Weitere Informationen

Programminformation - KfW 167
http://www.kfw.de/167

Merkblatt - Ergänzungskredit

http://bit.ly/2w7KlnY

Konditionen

http://bit.ly/2w7VfKC

KfW: Energieeffizient Sanieren - Kredit (Pr.-Nr. 151, 152)

Fördergegenstand und -bedingungen

A. Sanierung zum KfW-Effizienzhaus
Ener­getische Sanierung von Wohn­gebäuden, für die der Bauantrag oder die Bau­anzeige vor dem 01.02.2002 gestellt wurde. Die Sanierung muss zu einem KfW-Effizienzhaus-Standard führen.

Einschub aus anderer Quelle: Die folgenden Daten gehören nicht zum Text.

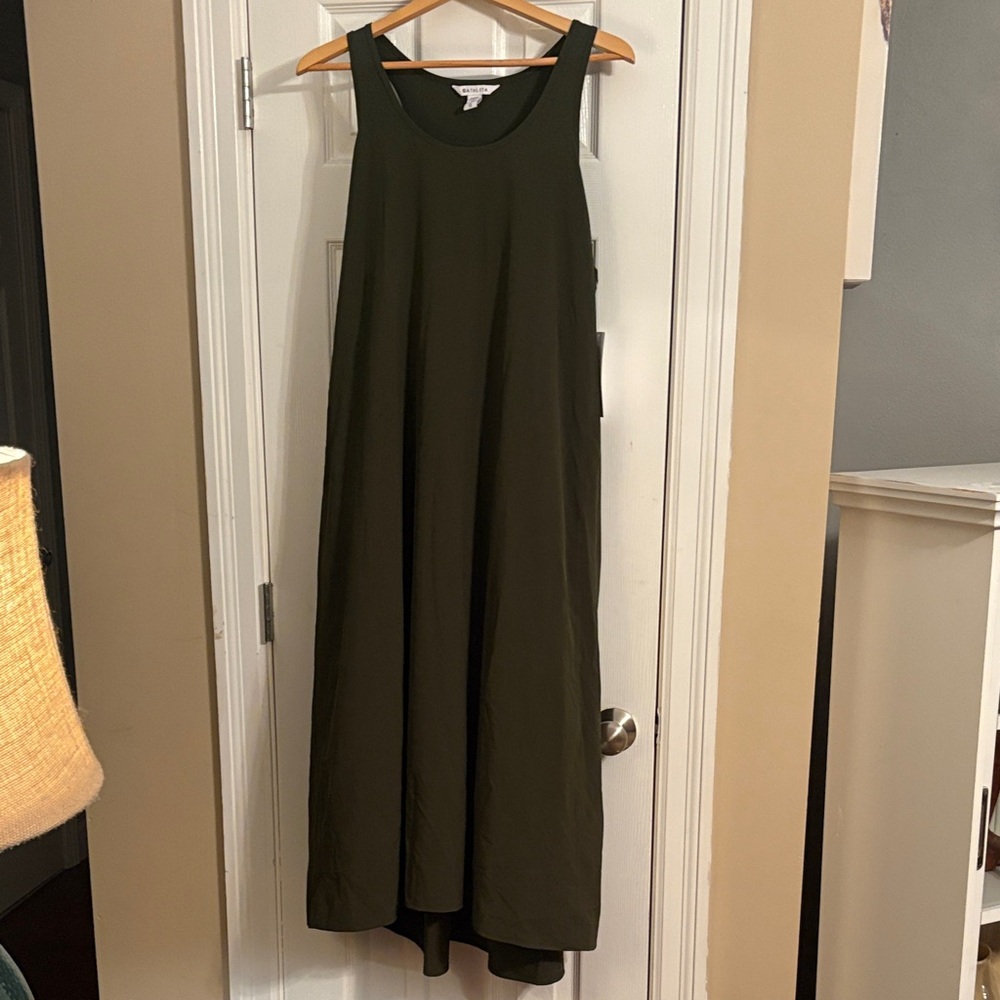 NWT Athleta Presidio Olive Travel Dress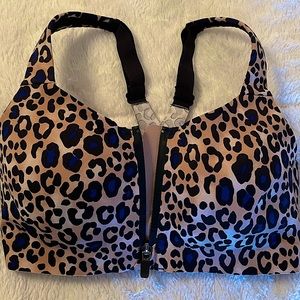 Victoria’s Secret Sports Bra ~ Incredible Knockout Ultra Max ~ 32DD ~ Like New
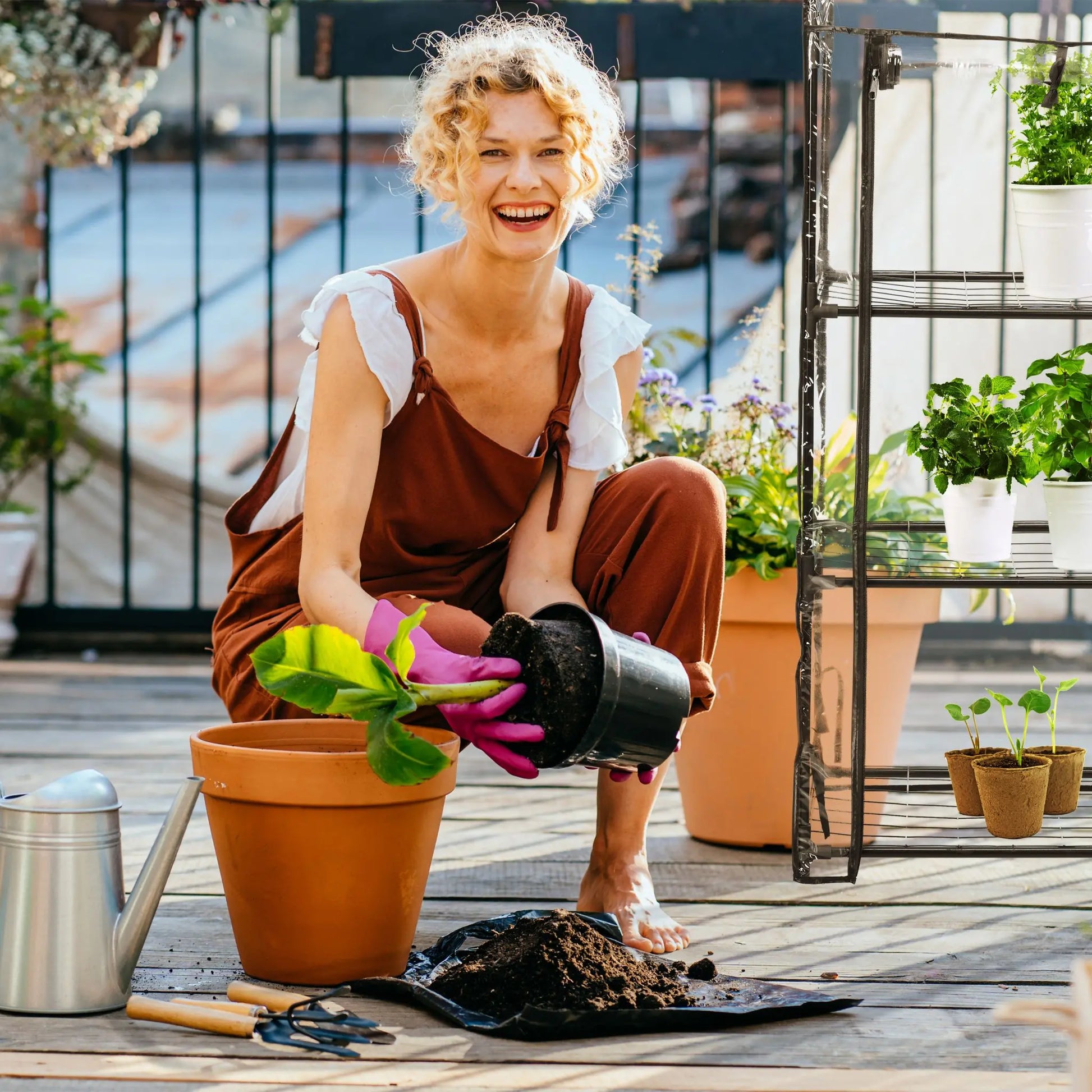 Gewächshaus für Balkon mit 3 Ebenen Schwarz-Transparent von Relaxdays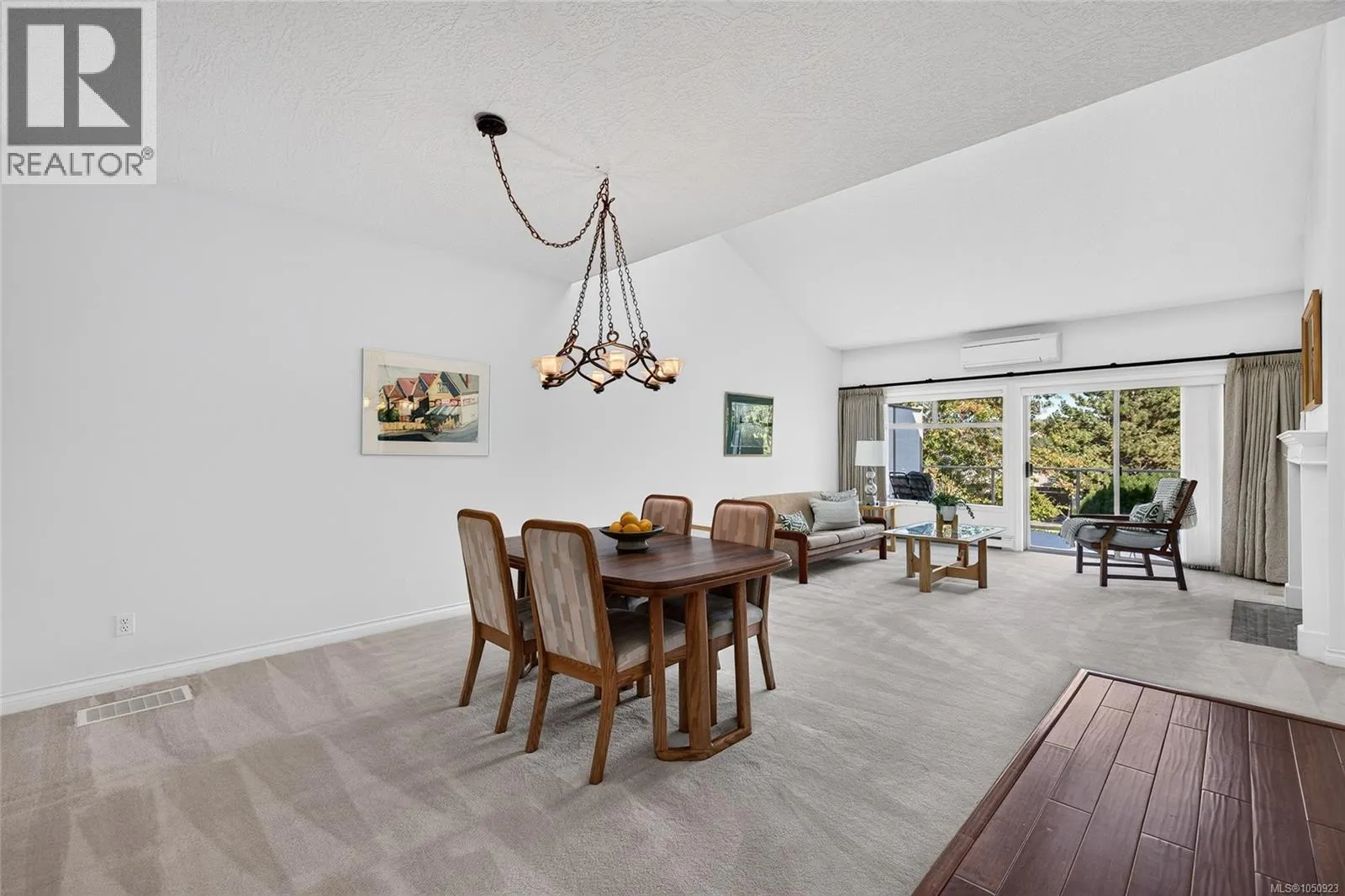 23 4360 Emily Carr Dr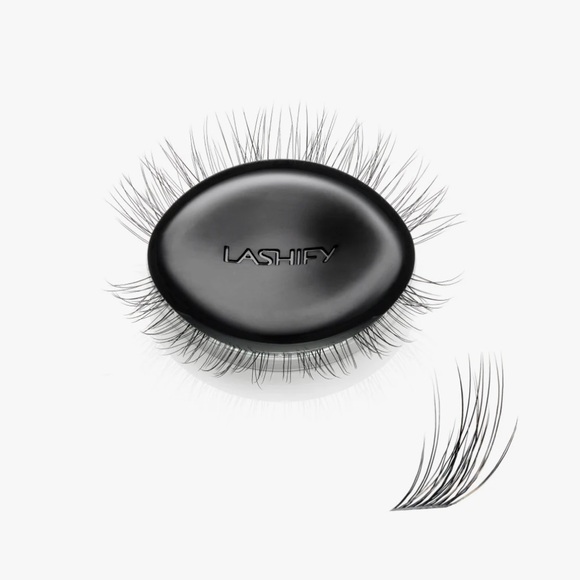 Lashify bundle ✨ 2 A+ 8 black lash set - Picture 3 of 3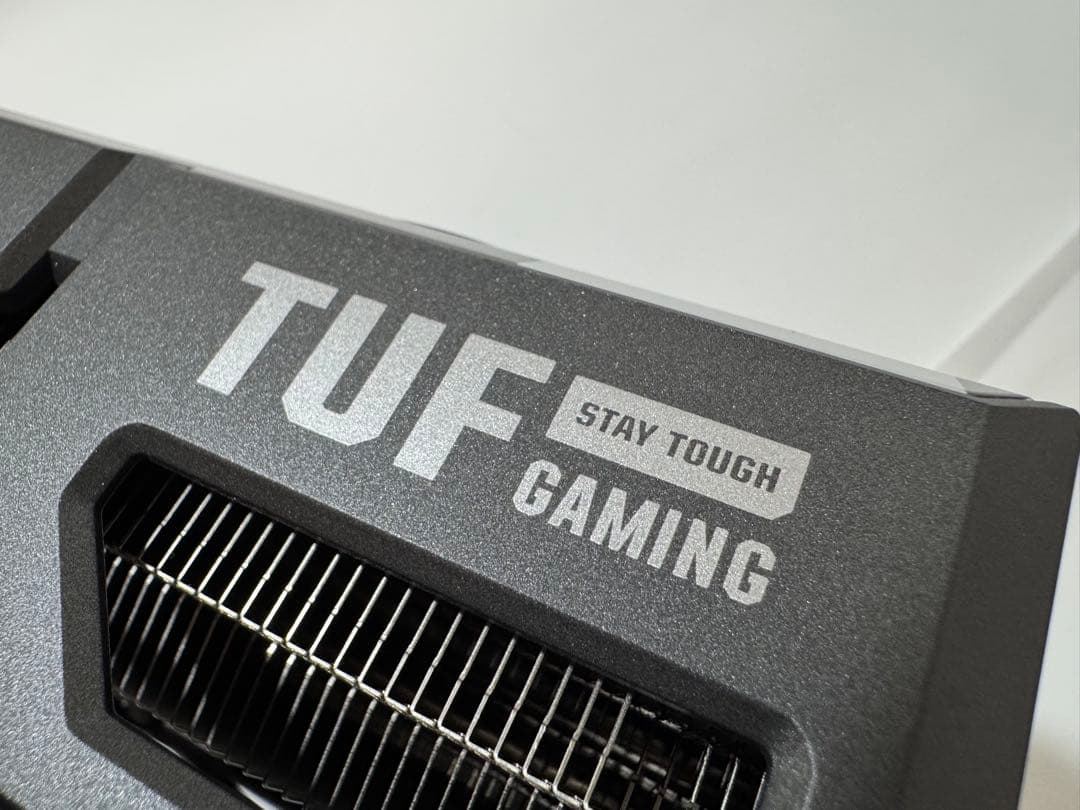 【GPU】ASUS TUF RTX 5070 Ti 16G【中古】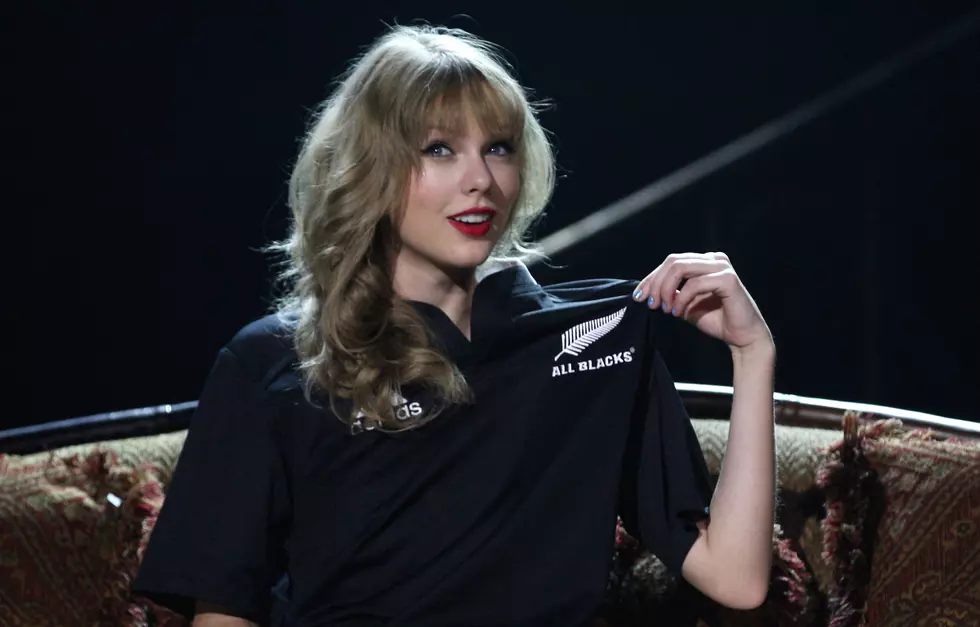 Two Men Try To Fake a Taylor Swift Concert – Dumb Criminal of the Day
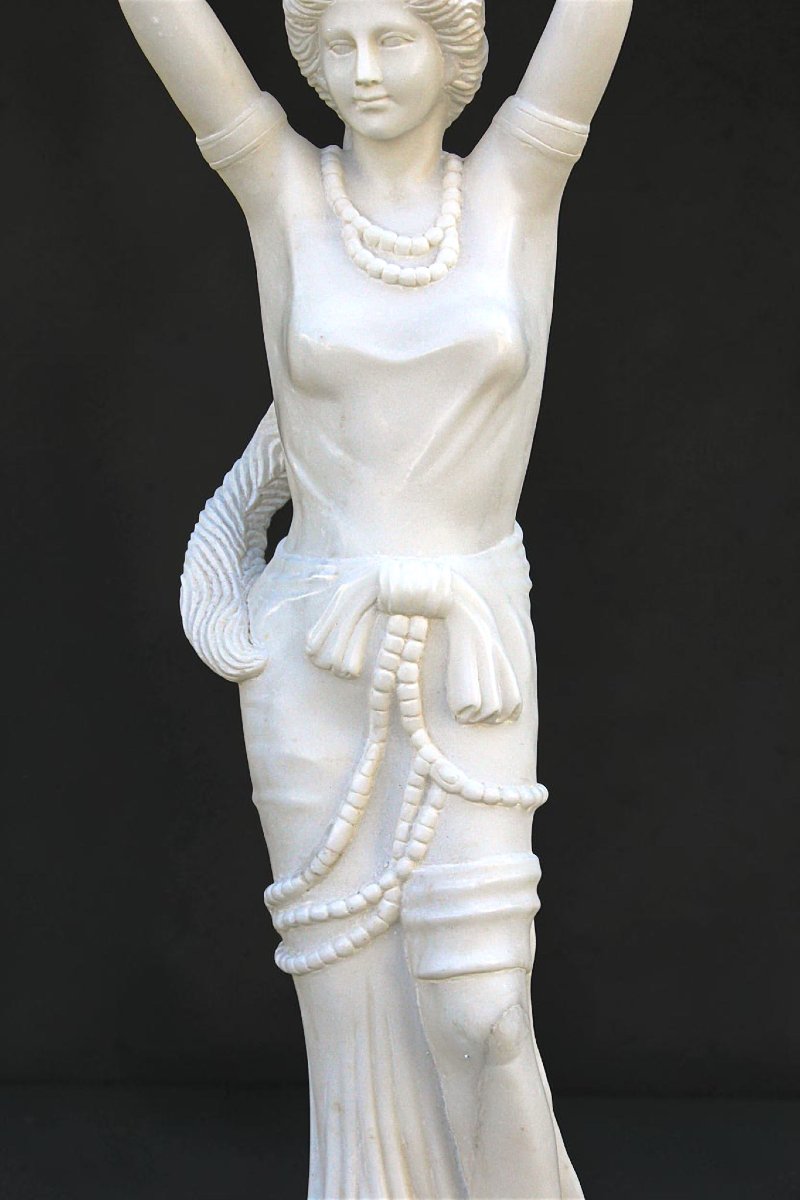 Statua raffigurante una giovane fanciulla sorridente con una brocca in mano, Marmo Bianco -photo-1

B: Förderung Einzelmaßnahmen bzw. -kombinationen

  • Wärmedämmung von Wänden, Dachflächen und Geschossdecken
  • Erneuerung der Fenster und Außentüren
  • Erneuerung/Einbau einer Lüftungsanlage
  • Erneuerung der Heizungsanlage:
    • Brennwerttechnik (Öl und Gas)
    • Brennwerttechnik nutzende Wärmepumpe (Gaswärmepumpe)
    • Nah- und Fernwärme inkl. Wärmeübergabestationen, Hausanschluss
    • Förderung nur in Kombination mit o. g. Heizungsanlagen, bei:
      • Holzpellets, Hackschnitzel, Scheitholz als automatisch beschickte Zentralheizkessel sowie Holzvergaser-Zentralheizungen
      • Wärmepumpen
      • Solarthermie-Anlagen
    • Sonderfall: Kombi-Heizungen (fossile und erneuerbare Energieträger, ohne BAFA-Förderung)
  • Optimierung bestehender Heizungsanlage (mind. 2 Jahre alt)
    • einschließlich Umwälzpumpe EEK A, hocheffieziente Zirkulationspumpe
    • Wärmeverteilungsoptimierung Bestands-Heizungsanlagen (hydraulischer Abgleich)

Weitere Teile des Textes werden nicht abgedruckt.